REQUIREMENT: What is needed is an exact copy of the lines in the entries below from the one holding "Protetor De Carter" through the one holding "Add to cart", pictures excluded.

THE RECORDS:
*-*-*
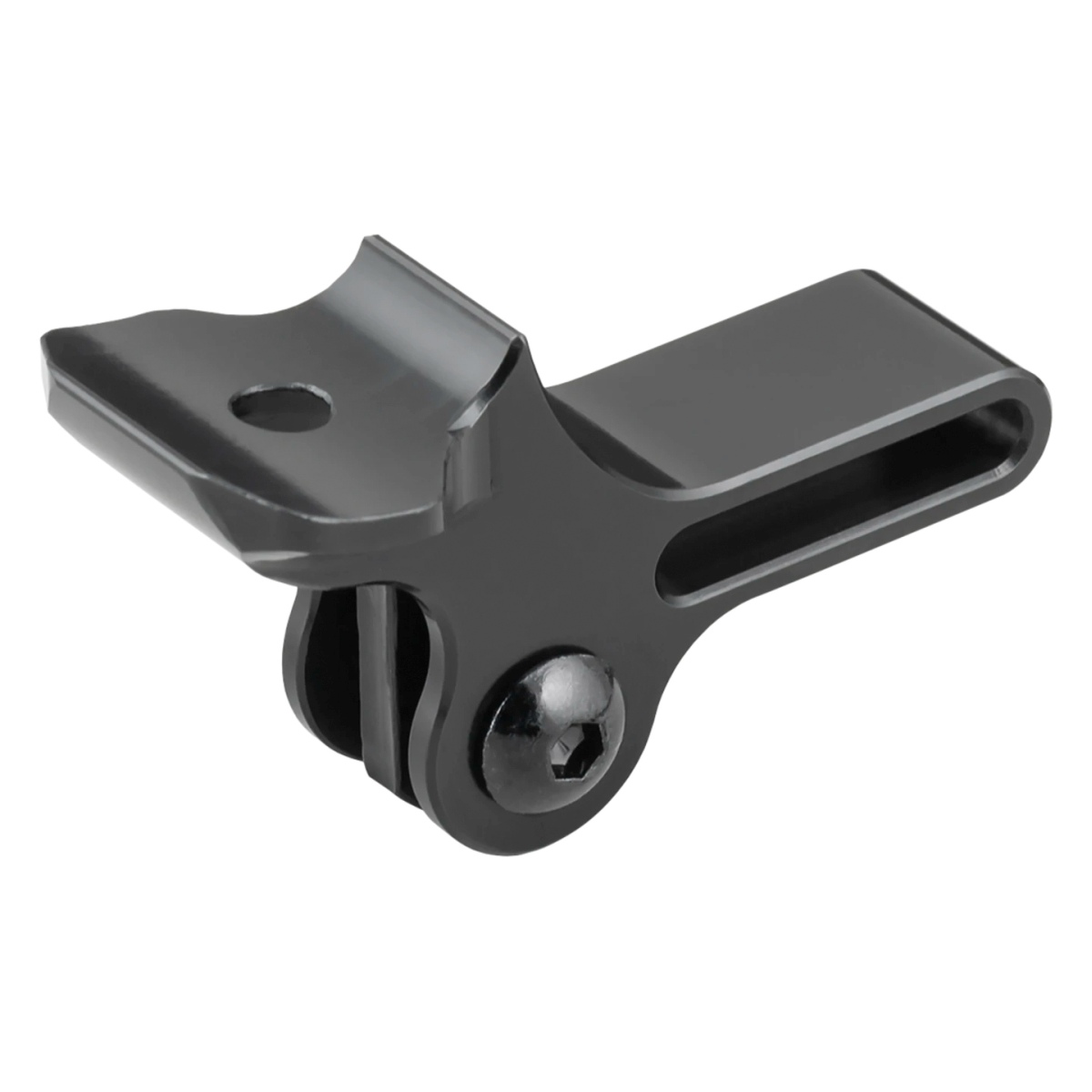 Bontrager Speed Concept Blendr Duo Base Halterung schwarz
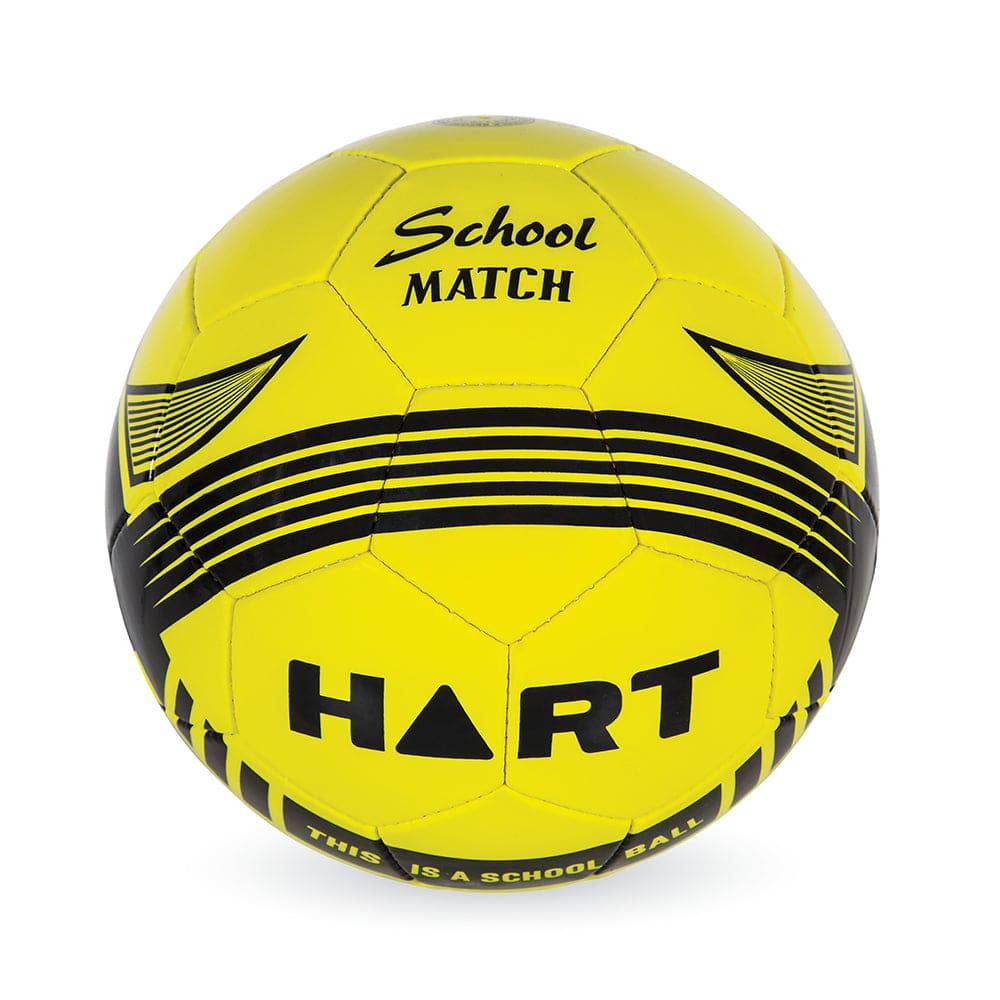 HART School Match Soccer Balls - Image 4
*-*-*
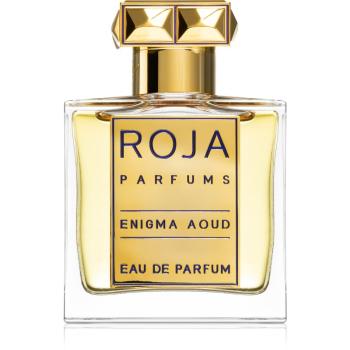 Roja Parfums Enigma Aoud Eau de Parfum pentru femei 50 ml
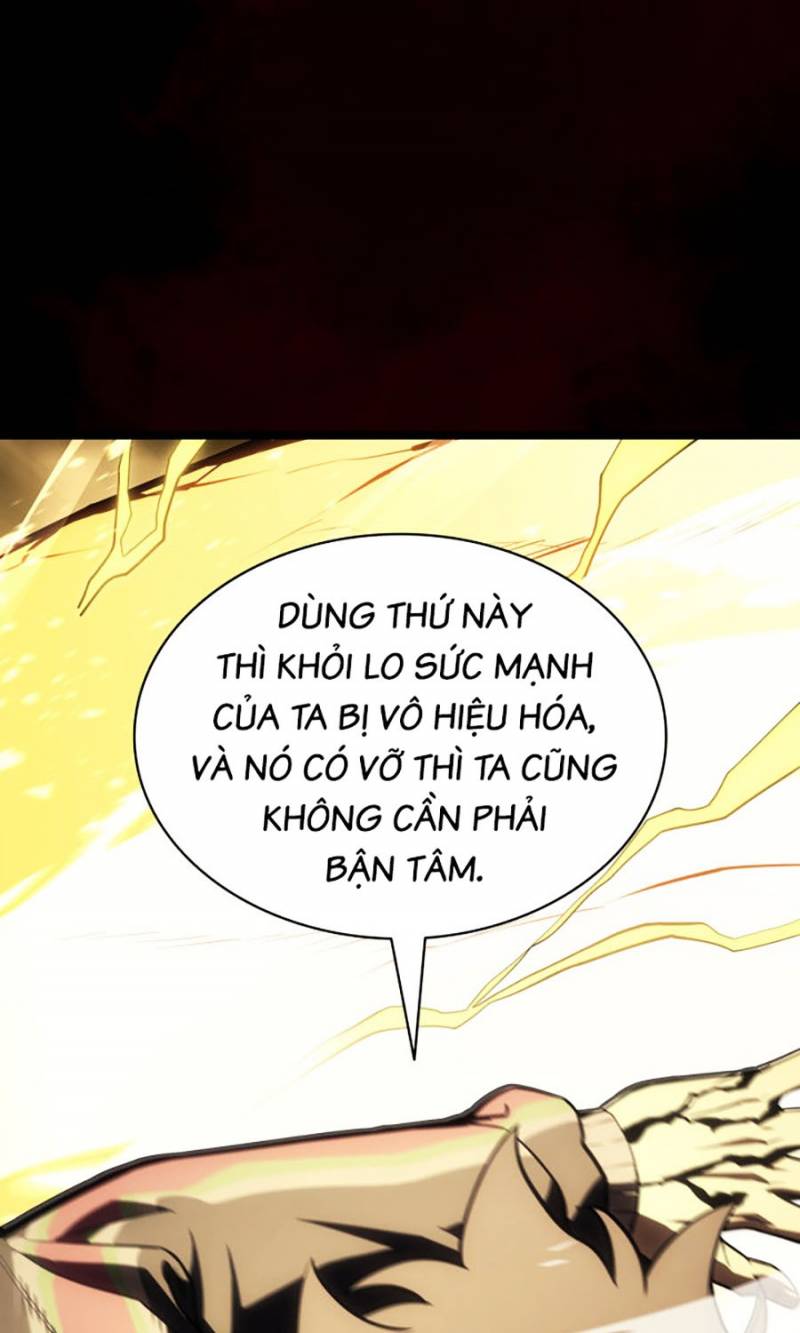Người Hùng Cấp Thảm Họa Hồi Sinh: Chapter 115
*-*-*
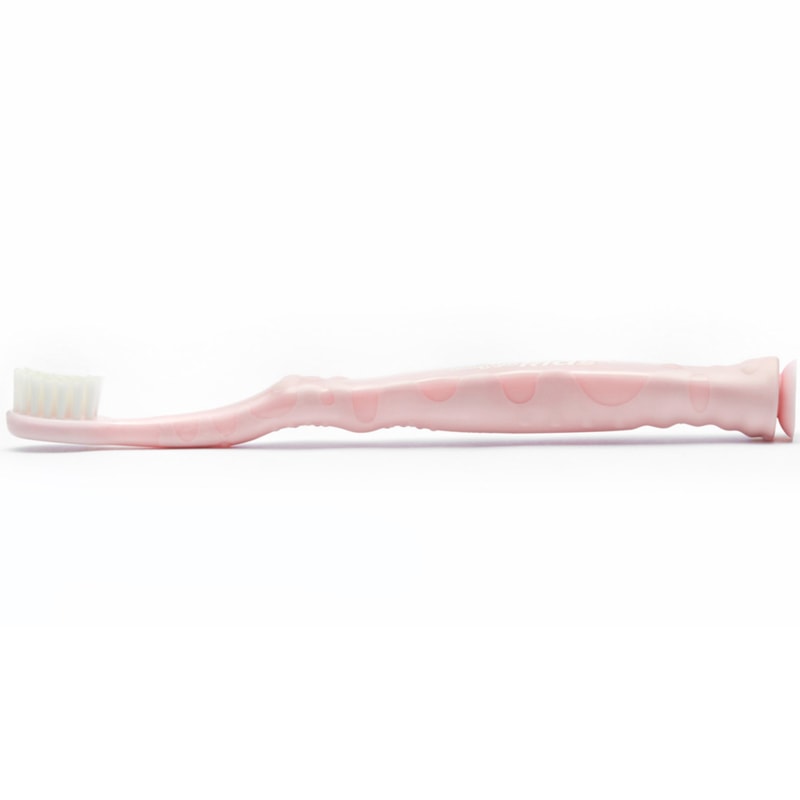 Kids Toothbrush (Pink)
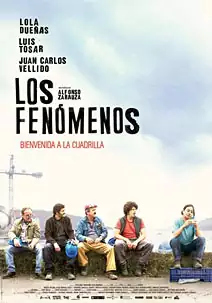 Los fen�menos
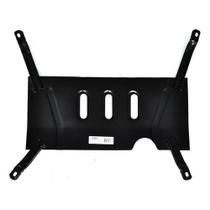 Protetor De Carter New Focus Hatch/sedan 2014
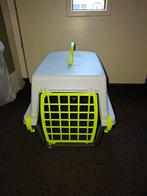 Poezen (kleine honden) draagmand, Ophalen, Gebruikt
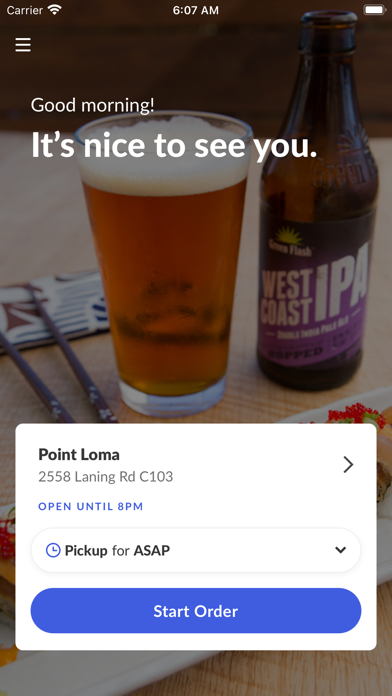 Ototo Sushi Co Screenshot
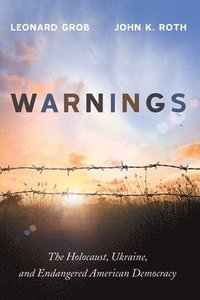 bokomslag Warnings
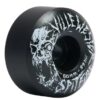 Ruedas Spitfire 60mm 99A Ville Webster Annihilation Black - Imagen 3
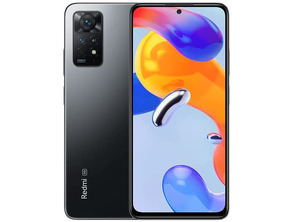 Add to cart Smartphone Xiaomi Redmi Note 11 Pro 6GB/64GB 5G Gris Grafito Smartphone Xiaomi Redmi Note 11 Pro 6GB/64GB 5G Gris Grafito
*-*-*
FINISHED EXERCISE:
 Protetor De Carter New Focus Hatch/sedan 2014
 Poezen (kleine honden) draagmand, Ophalen, Gebruikt
 Ototo Sushi Co Screenshot
 bokomslag Warnings
 Ruedas Spitfire 60mm 99A Ville Webster Annihilation Black - Imagen 3
 Add to cart Smartphone Xiaomi Redmi Note 11 Pro 6GB/64GB 5G Gris Grafito Smartphone Xiaomi Redmi Note 11 Pro 6GB/64GB 5G Gris Grafito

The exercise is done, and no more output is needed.